O antropomorfismo é um pecado?

Recentemente, fiz uma palestra para um público de cientistas e professores universitários durante o qual me referi à "personalidade" dos cães e ao fato de os cães poderem experimentar emoções como o amor e o desgosto. Um pesquisador de animais bem conhecido levantou-se e me acusou de "antropomorfização" excessiva. Em linguagem cotidiana, ele estava sugerindo que eu estava tratando cães como se fossem simplesmente pessoas de quatro patas em casacos de pele. Entre as pessoas que estudam cachorros ou qualquer outro animal, isso é considerado um pecado cardinal. A palavra que o antropomorfismo vem vem das palavras gregas anthro para humanos e morph para forma e se destina a referir-se ao hábito de atribuir qualidades e emoções humanas a seres não humanos. É algo que os humanos fazemos de forma bastante automática.

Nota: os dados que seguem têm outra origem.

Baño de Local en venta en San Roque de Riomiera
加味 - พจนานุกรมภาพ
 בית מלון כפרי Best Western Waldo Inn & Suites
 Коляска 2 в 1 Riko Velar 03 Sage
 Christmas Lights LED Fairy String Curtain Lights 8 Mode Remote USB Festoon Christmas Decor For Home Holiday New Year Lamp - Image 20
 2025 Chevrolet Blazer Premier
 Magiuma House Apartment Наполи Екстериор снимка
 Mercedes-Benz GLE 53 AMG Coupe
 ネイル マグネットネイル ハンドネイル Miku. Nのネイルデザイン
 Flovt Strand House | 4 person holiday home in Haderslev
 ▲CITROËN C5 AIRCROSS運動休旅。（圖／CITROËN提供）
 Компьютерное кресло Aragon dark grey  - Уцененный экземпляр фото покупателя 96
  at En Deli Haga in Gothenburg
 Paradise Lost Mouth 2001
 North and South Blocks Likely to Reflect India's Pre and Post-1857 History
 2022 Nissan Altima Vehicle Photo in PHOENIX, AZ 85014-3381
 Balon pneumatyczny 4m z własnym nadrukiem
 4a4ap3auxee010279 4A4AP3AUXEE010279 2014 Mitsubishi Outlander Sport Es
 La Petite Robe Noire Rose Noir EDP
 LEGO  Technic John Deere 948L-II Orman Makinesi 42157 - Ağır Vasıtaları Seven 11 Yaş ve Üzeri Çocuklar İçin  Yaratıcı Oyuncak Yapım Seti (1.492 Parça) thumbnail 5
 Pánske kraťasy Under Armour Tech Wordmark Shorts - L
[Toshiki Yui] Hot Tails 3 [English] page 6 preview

Esta acusação de antropomorfismo da minha parte me lembrou uma conversa que tive com Donald O. Hebb no início da década de 1980. Ele era um psicólogo brilhante cuja pesquisa primeiro nos deu um entendimento sobre como as interações com o meio ambiente realmente ajudam a mudar a estrutura do cérebro de um indivíduo. Hebb terminou de dar uma série de palestras na universidade e agora estávamos sentados na sala de estar de um colega conversando. À medida que eu reconstruo seus comentários na minha mente, eles começaram depois que eu mencionei a Hebb que eu estava pensando em escrever um livro sobre a inteligência dos cães e, em seguida, segui-lo com um livro sobre a personalidade dos cães.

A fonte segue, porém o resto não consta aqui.